Task directions
Beginning with the line below that contains "Laptop HP EliteBook" and ending with the line that contains "2018 Honda Clarity", copy every line exactly. Copy nothing else.

Data to examine
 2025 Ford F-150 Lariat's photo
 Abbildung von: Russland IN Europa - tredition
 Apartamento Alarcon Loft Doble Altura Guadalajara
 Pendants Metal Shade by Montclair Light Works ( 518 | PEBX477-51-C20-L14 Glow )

--

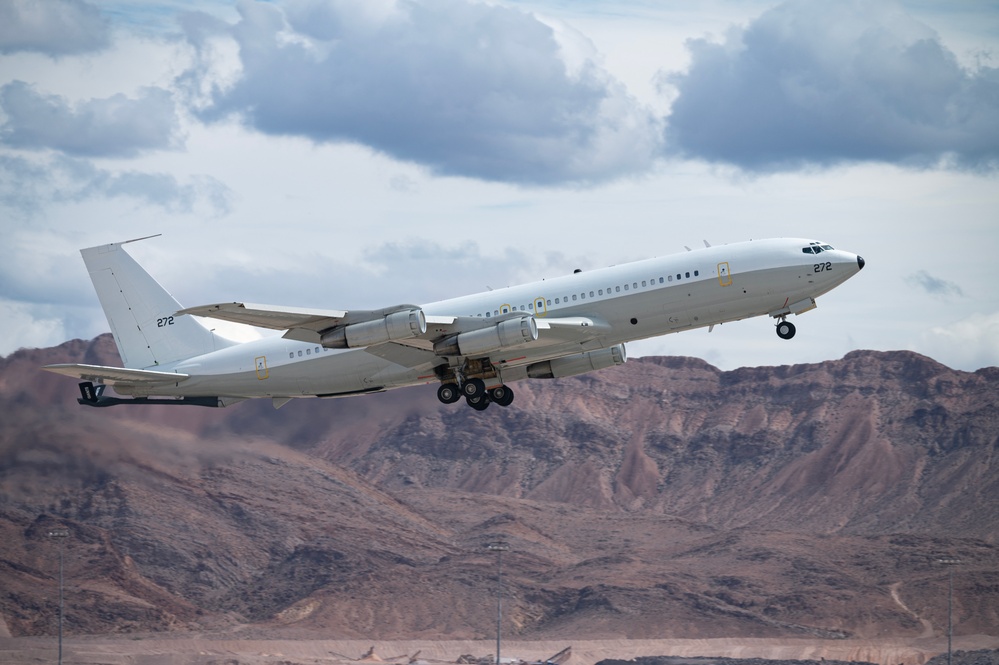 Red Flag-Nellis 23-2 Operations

* * *

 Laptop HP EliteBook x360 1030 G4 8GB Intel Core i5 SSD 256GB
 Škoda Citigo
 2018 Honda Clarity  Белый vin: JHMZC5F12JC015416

Task answer
 Laptop HP EliteBook x360 1030 G4 8GB Intel Core i5 SSD 256GB
 Škoda Citigo
 2018 Honda Clarity  Белый vin: JHMZC5F12JC015416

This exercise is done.